Bunca kanlı olaydan sonra “Türk-Kürt” kardeşliği nasıl devam edecek?
PKK’nın siyasi temsilcileri olarak Meclis’e giren HDP milletvekilleri, ilân edilen özerklikleri haklı buluyor, halkı devlet aleyhine kışkırtıyor!
İki eşbaşkan Selahattin Demirtaş ile Figen Yüksekdağ’ın tavırları malûm.
Kadın her fırsatta “Bu yapılanlar iç savaş provası. Biz seçime de, direnişe de hazırız!” diyor.
Demirtaş ise, silahların susması gerektiğini söylerken, PKK çetesine hiçbir şey demiyor!

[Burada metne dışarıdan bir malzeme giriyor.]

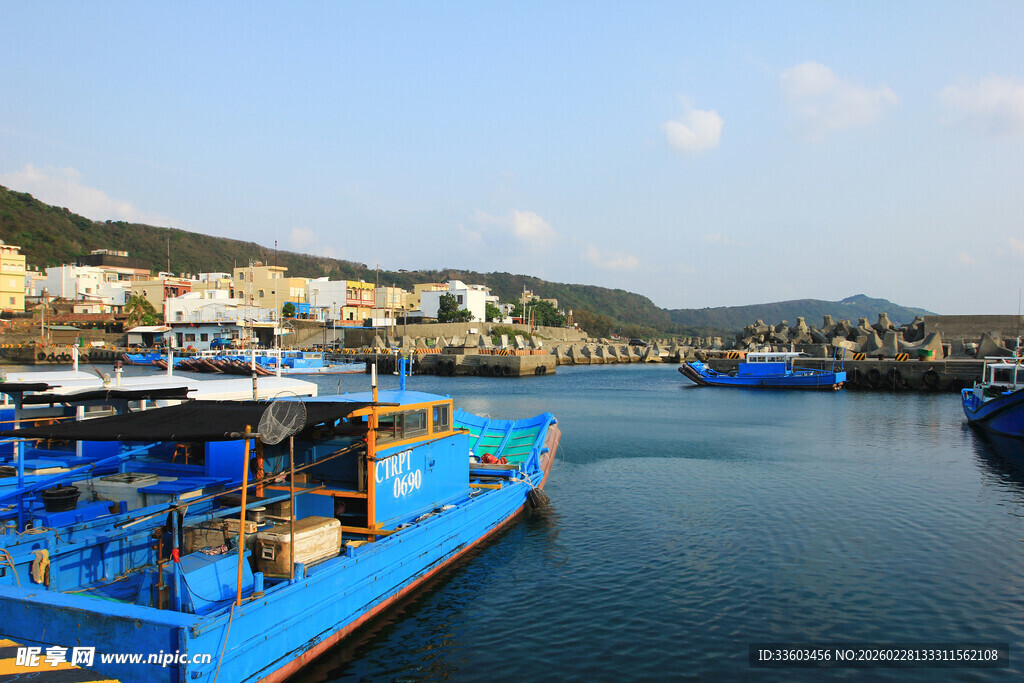 蓝色渔船停泊宁静港湾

Oysa saldırıp ortalığı kana bulayanlar PKK’lı caniler! Fakat onlara lâf yok!
Demirtaş’ın söylediği tek doğru söz var:
“Ankara’dakiler evlâtlarını feda edeceğini söylüyor, Enerji Bakanı şehit olmak istiyor. Buyursunlar, Dağlıca’da bir gece nöbet tutsunlar. Ankara’da işkembeden sallamak kolay tabii!”
Evet, bu lâfa diyecek sözüm yok! İktidar hiçbir şey yapmıyor, sadece işkembeden sallıyor! Bu konuda aynı fikirdeyim!